Some other examples of recent technological advances are the events that occurred on 23 February 1997, 12 May 1997, 24 August 1998, 26 June 2000, 11 November 2001, 16 June 2002 and 15 March 2003.These are seven of the most significant dates in human evolution. Why?

Who first predicted the event that took place on 23 February 1997 and in which year did he make this prediction? And, what didn’t happen on 31 December 1999?

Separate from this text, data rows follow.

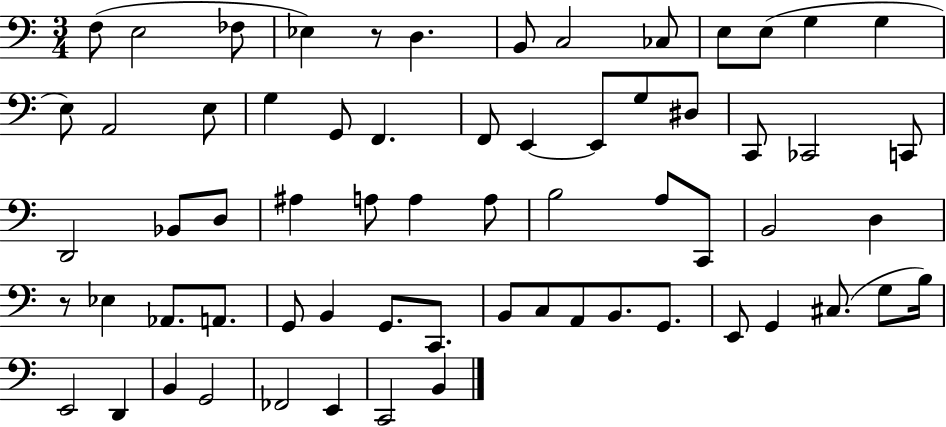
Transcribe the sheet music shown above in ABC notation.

X:1
T:Untitled
M:3/4
L:1/4
K:C
F,/2 E,2 _F,/2 _E, z/2 D, B,,/2 C,2 _C,/2 E,/2 E,/2 G, G, E,/2 A,,2 E,/2 G, G,,/2 F,, F,,/2 E,, E,,/2 G,/2 ^D,/2 C,,/2 _C,,2 C,,/2 D,,2 _B,,/2 D,/2 ^A, A,/2 A, A,/2 B,2 A,/2 C,,/2 B,,2 D, z/2 _E, _A,,/2 A,,/2 G,,/2 B,, G,,/2 C,,/2 B,,/2 C,/2 A,,/2 B,,/2 G,,/2 E,,/2 G,, ^C,/2 G,/2 B,/4 E,,2 D,, B,, G,,2 _F,,2 E,, C,,2 B,,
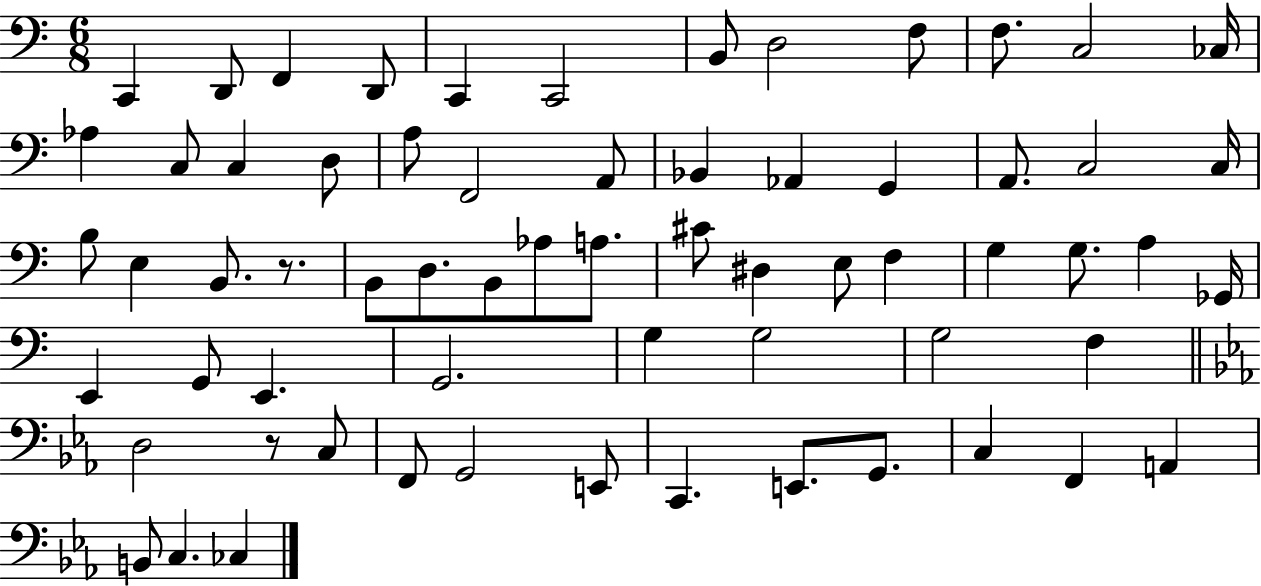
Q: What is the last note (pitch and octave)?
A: CES3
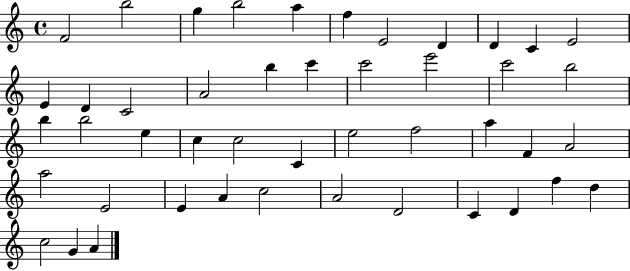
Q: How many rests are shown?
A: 0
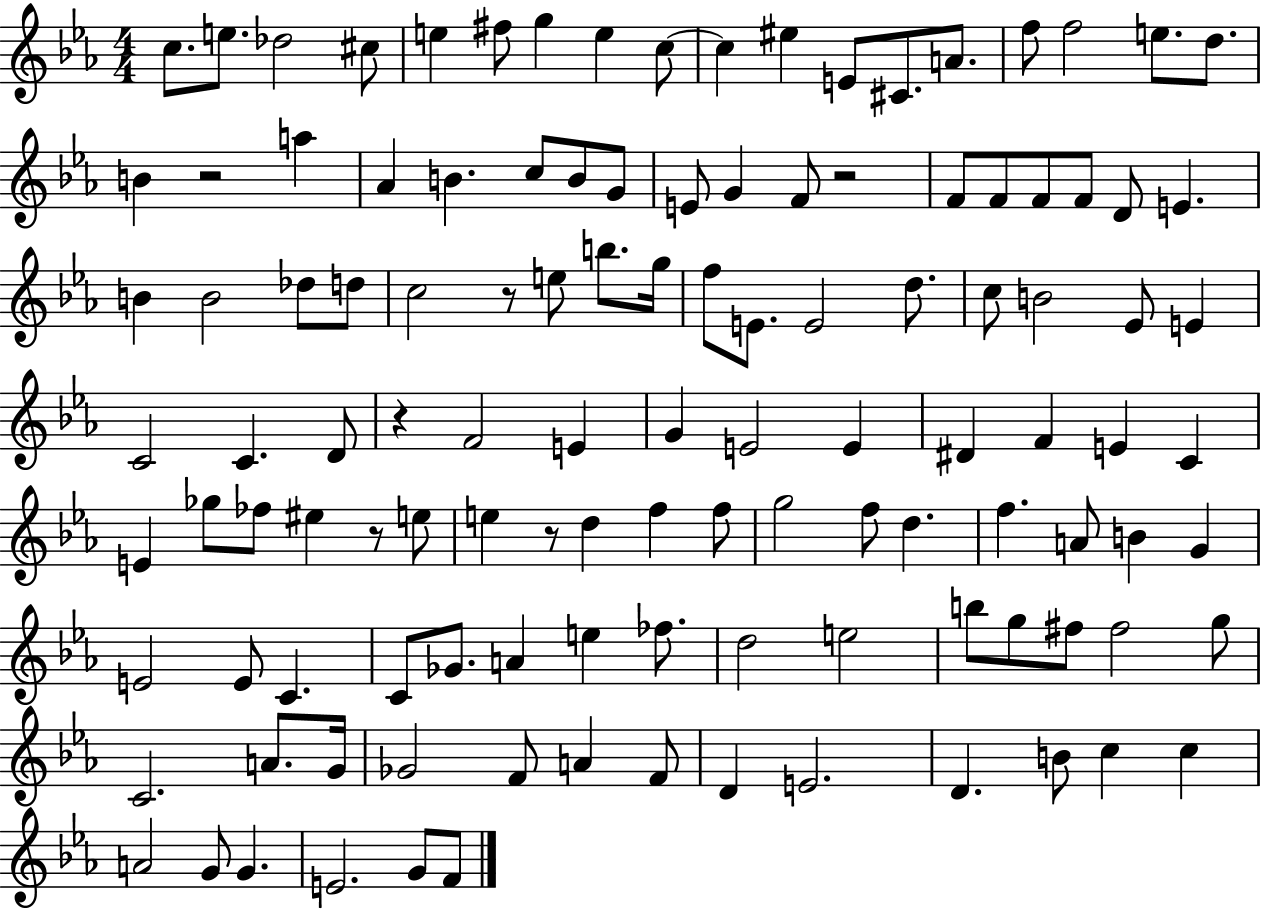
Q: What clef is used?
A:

The answers can be found in note 2.

There are many factors driving the current Third Wave of technological evolution. The most important of these are humanity’s age-old curiosity about its environment, combined with a hard-wired desire to understand and master it, and a unique ability to utilize tools and innovate with them.3 More recent drivers of technological change include the emergence of empirical science in the 18th and 19th centuries, the arrival of universal education, the development of the silicon chip, the globalization of business, the emergence of the Internet, the evolution of the knowledge economy, increasing competition for markets, shortening product life cycles, and fast-changing consumer and customer demands. However, perhaps the single most important factor has been the speed with which computing power advanced during the 20th century (see Figures 11.1 and 11.2). These two graphs highlight the dramatic growth in computer-processing power, particularly during the last two decades of the 20th century.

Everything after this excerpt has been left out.